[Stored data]
◇ ◇ ◇

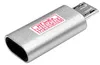 Silber - Adapter Micro USB auf USB C Typ-C Buchse wandelt Produktbild-Vorschau 5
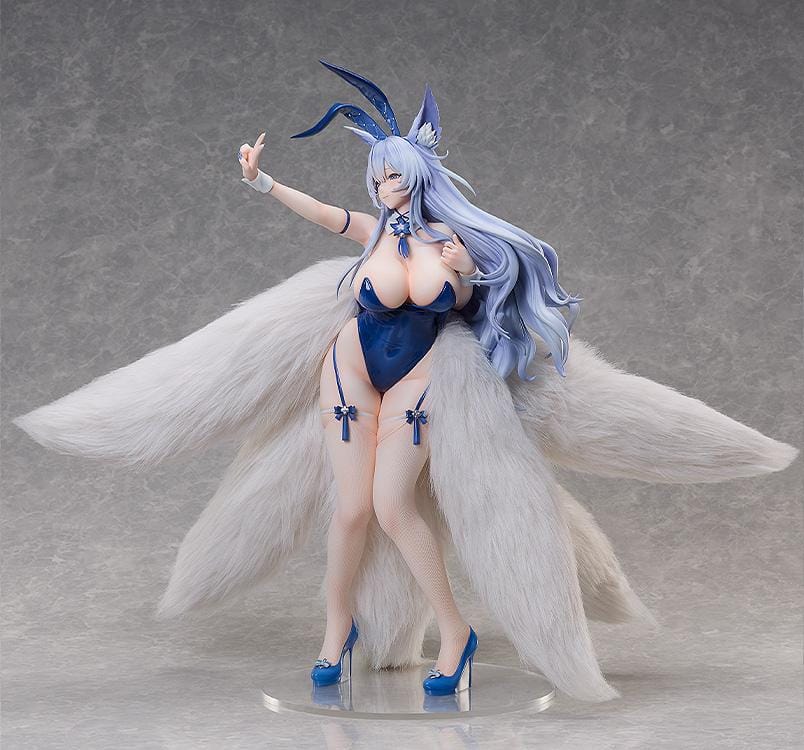 Azur Lane Shinano Visions of Fantasy 1/4 scale figure with blue bunny outfit and large flowing tails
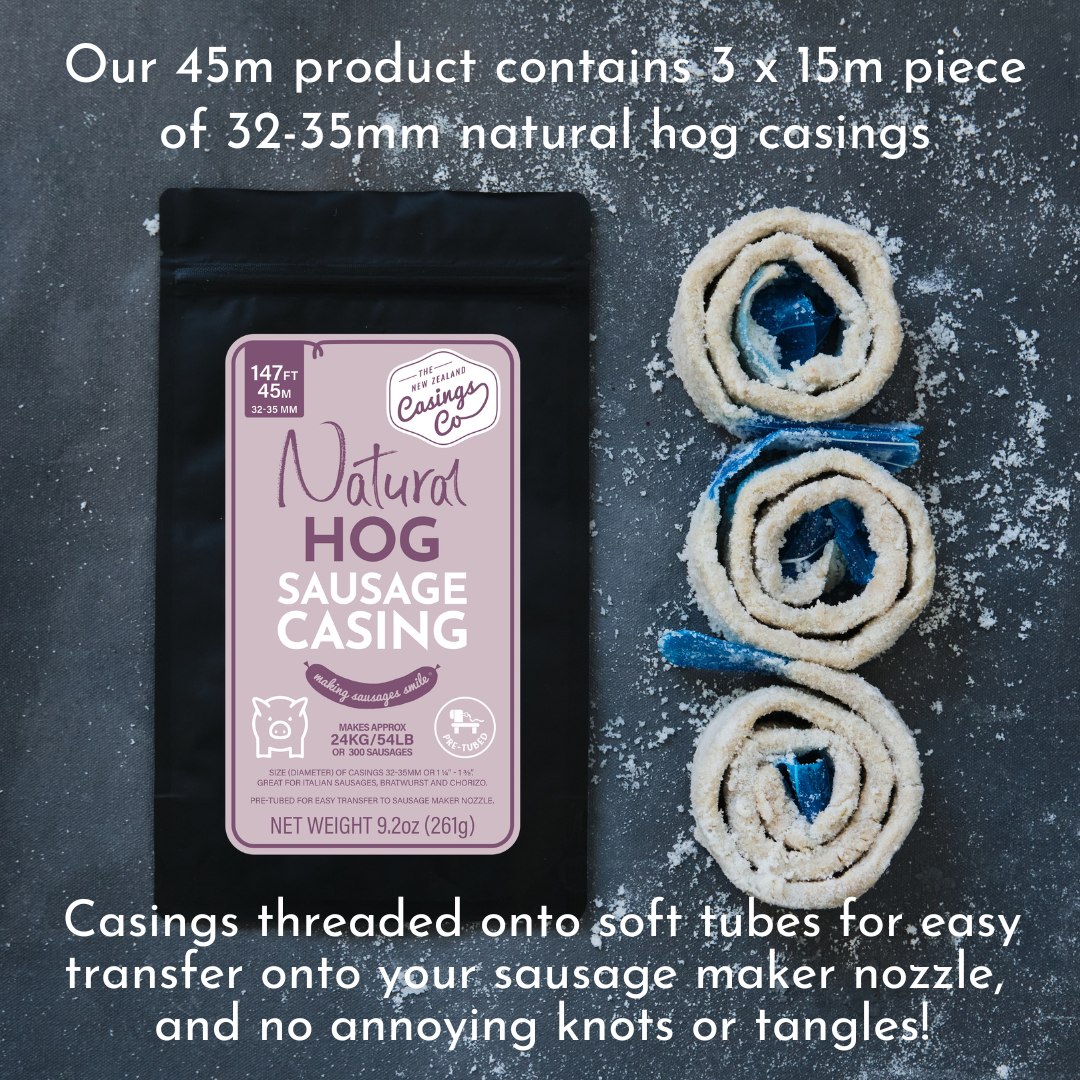 The 6 Pack - 'Piggy in the Middle' - Natural Hog Casings 32-35mm, 45m
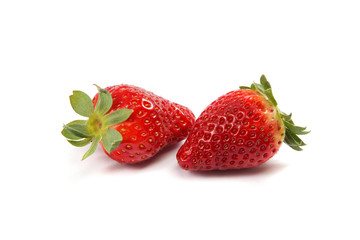 Strawberry isolated on white background.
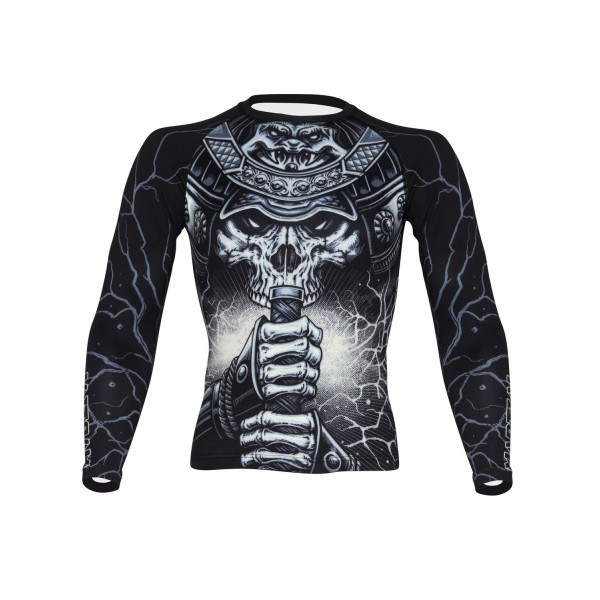 

Рашгард Athletic pro. MRG-80 samurai skull, XXL INT, Черный;серый, MRG-80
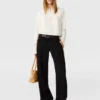 Arlesa Double Split Hem Zip Blouse Arlesa Double Split Hem Zip Blouse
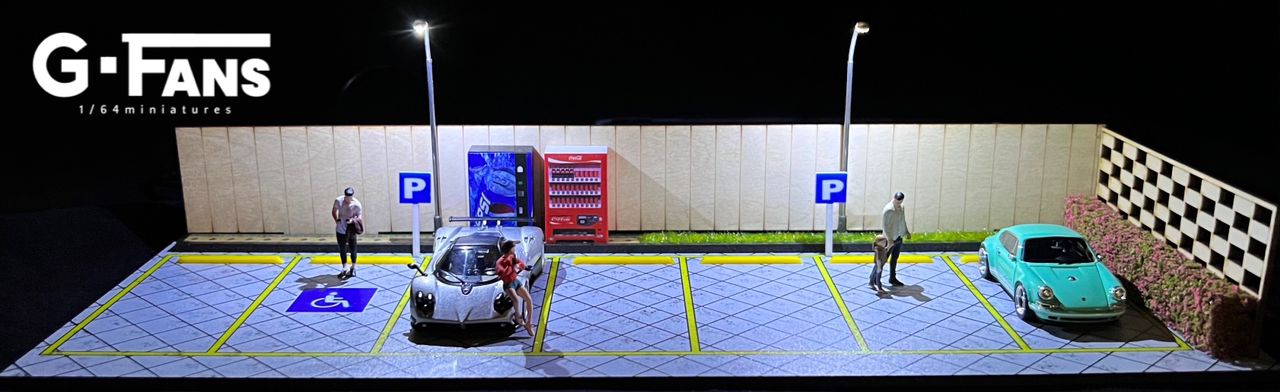 New Arrival 1:64 G-Fans Street Parking Diorama Ver. 3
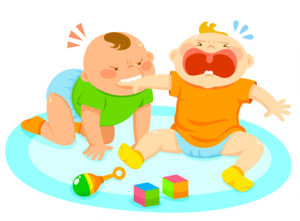 Jaloers op baby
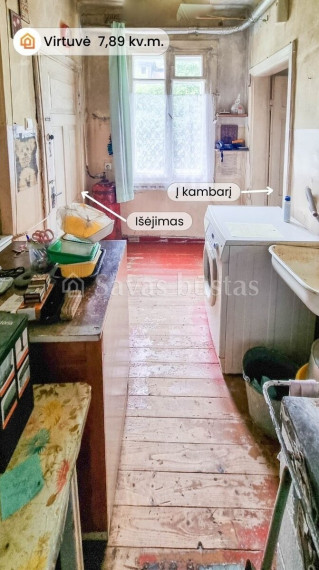 Parduodamas butas Vaisių g., Šiaulių m., Šiaulių m. sav., 52.32 m2 ploto, 2 kambariai 7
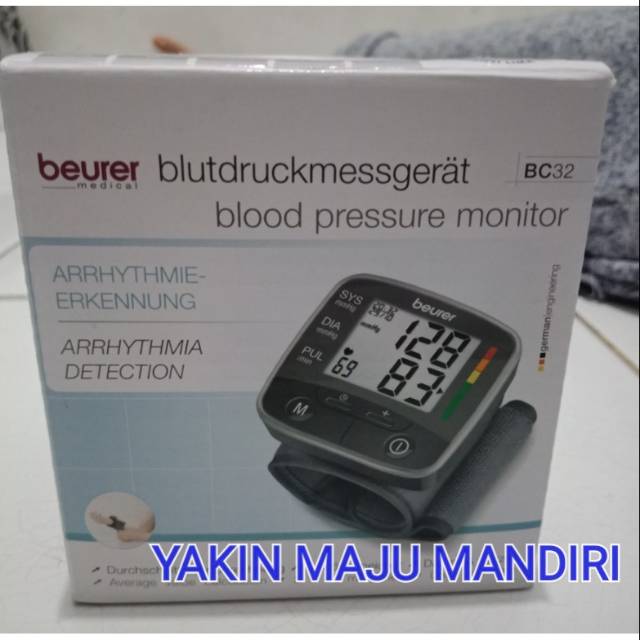 Tensi Pergelangan / Tensimeter Digital Beurer BC-32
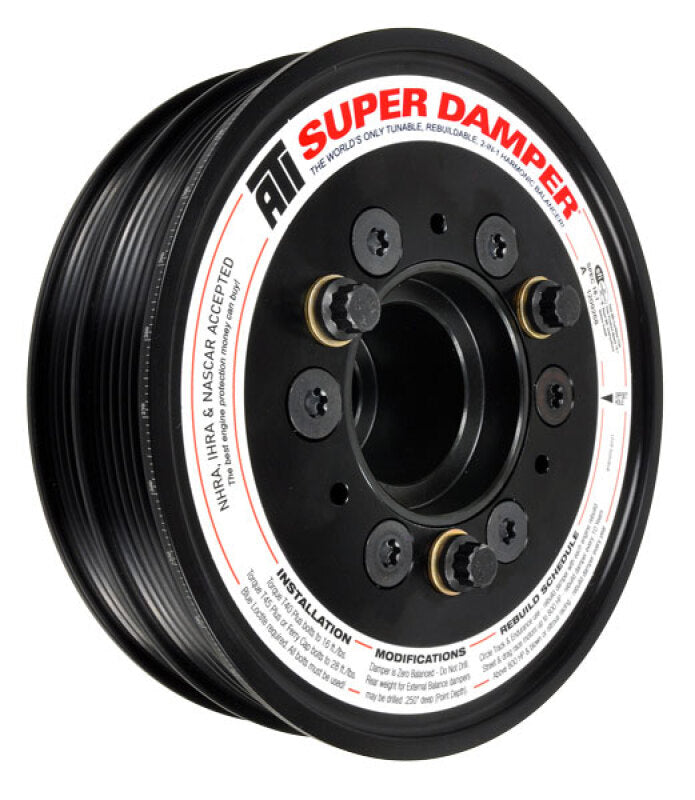 ATI Damper - 6.78In - AL - 10 & 6 Grv - 2011+ Ford Coyote 5.0 Mustang (OEM Diameter w/AC Pulley) - ATI918054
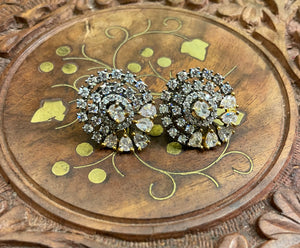 ROUND AMERICAN DIAMOND (AD) STUD EARRINGS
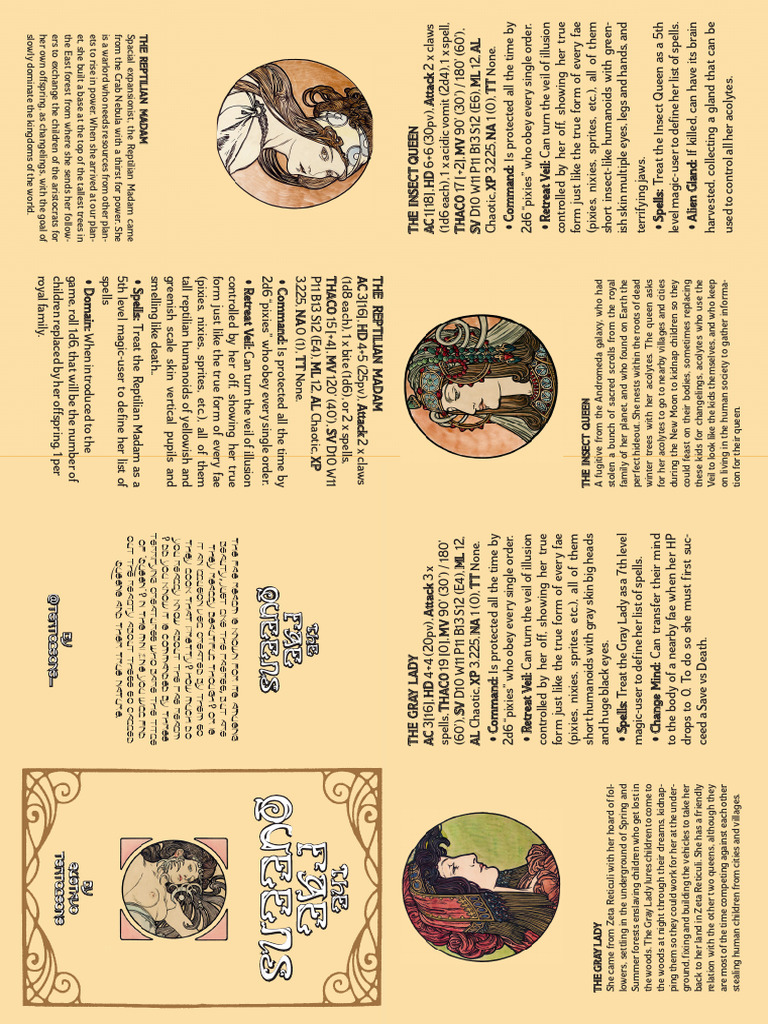 The fae queens old school essentials pdf
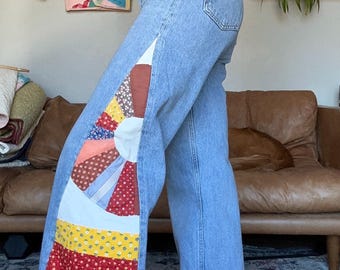 Vintage Quilt Panel Jeans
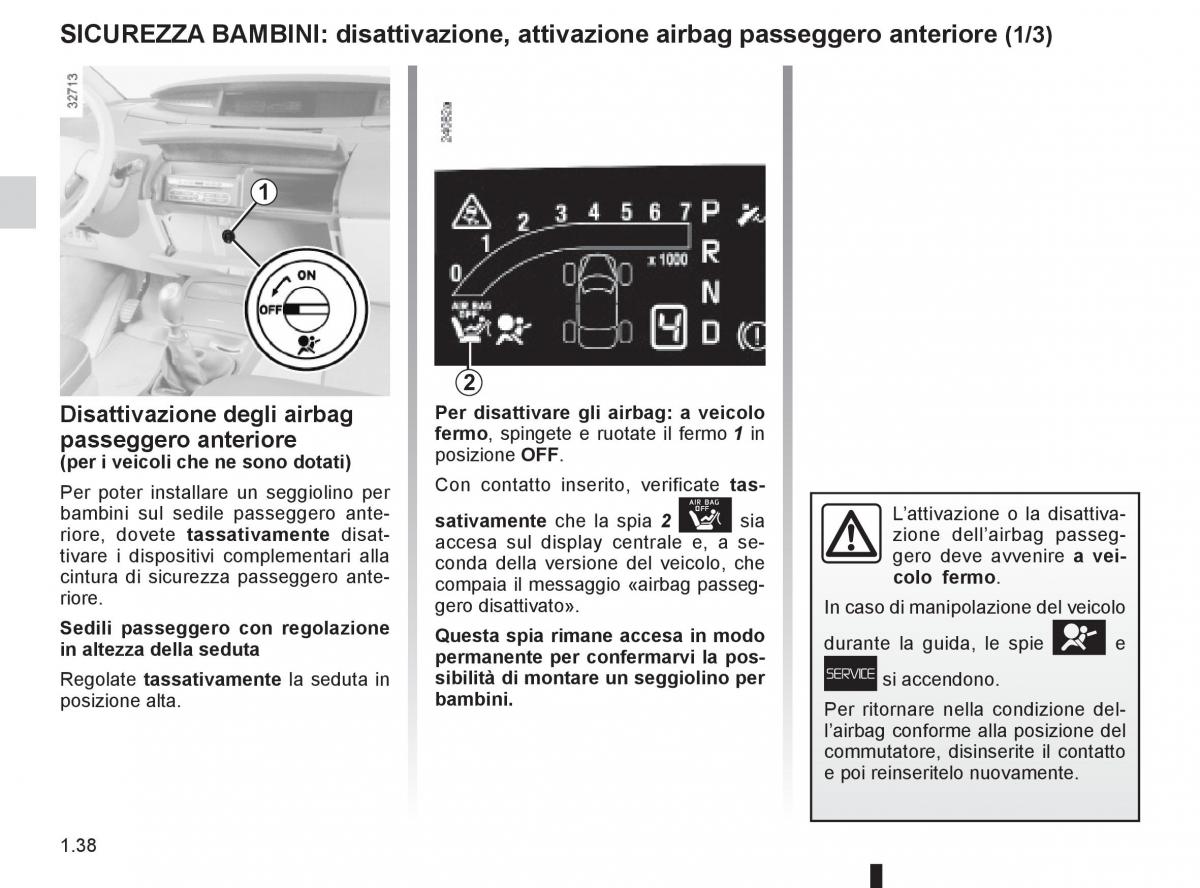 Renault Espace IV 4 manuale del proprietario / page 44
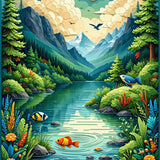 Multi Color Inspired(Green)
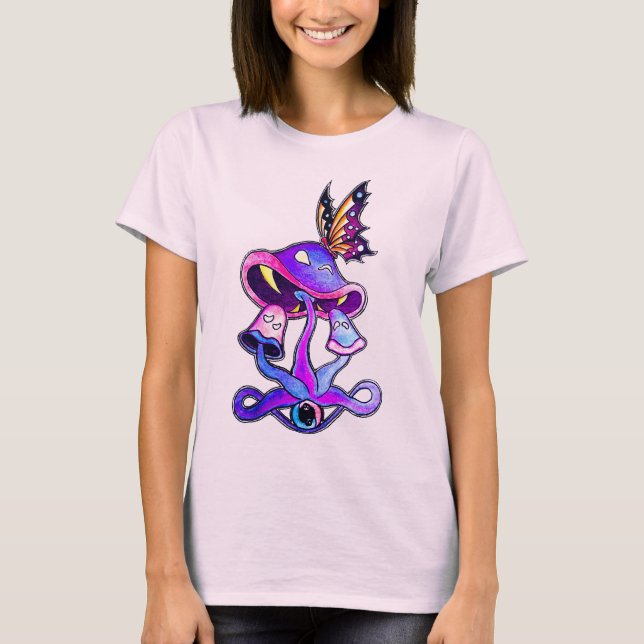 Camiseta Teñido anudado hambriento T de la seta (Anverso)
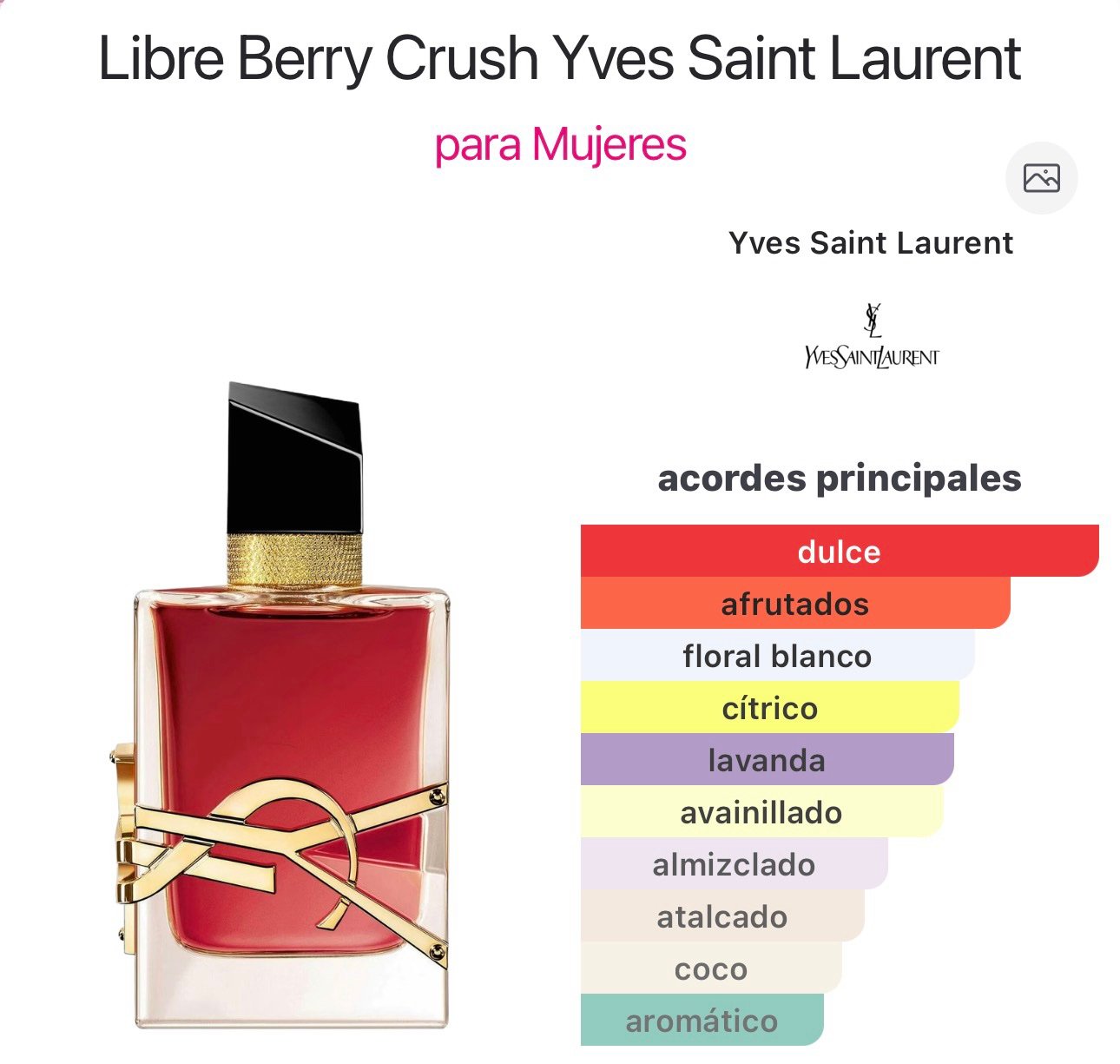 (F112) inspirado en Libre Berry Crush de Yves Saint Laurent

◇ ◇ ◇

Problem to solve. Print exactly the first line of the entries and every line after it through the one that contains "Multi Color Inspired(Green)", leaving the pictures out.

Response box.
 Silber - Adapter Micro USB auf USB C Typ-C Buchse wandelt Produktbild-Vorschau 5
 Azur Lane Shinano Visions of Fantasy 1/4 scale figure with blue bunny outfit and large flowing tails
 The 6 Pack - 'Piggy in the Middle' - Natural Hog Casings 32-35mm, 45m
 Strawberry isolated on white background.

Рашгард Athletic pro. MRG-80 samurai skull, XXL INT, Черный;серый, MRG-80
 Arlesa Double Split Hem Zip Blouse Arlesa Double Split Hem Zip Blouse
 New Arrival 1:64 G-Fans Street Parking Diorama Ver. 3
 Jaloers op baby
 Parduodamas butas Vaisių g., Šiaulių m., Šiaulių m. sav., 52.32 m2 ploto, 2 kambariai 7
 Tensi Pergelangan / Tensimeter Digital Beurer BC-32
 ATI Damper - 6.78In - AL - 10 & 6 Grv - 2011+ Ford Coyote 5.0 Mustang (OEM Diameter w/AC Pulley) - ATI918054
 ROUND AMERICAN DIAMOND (AD) STUD EARRINGS
 The fae queens old school essentials pdf
 Vintage Quilt Panel Jeans
 Renault Espace IV 4 manuale del proprietario / page 44
 Multi Color Inspired(Green)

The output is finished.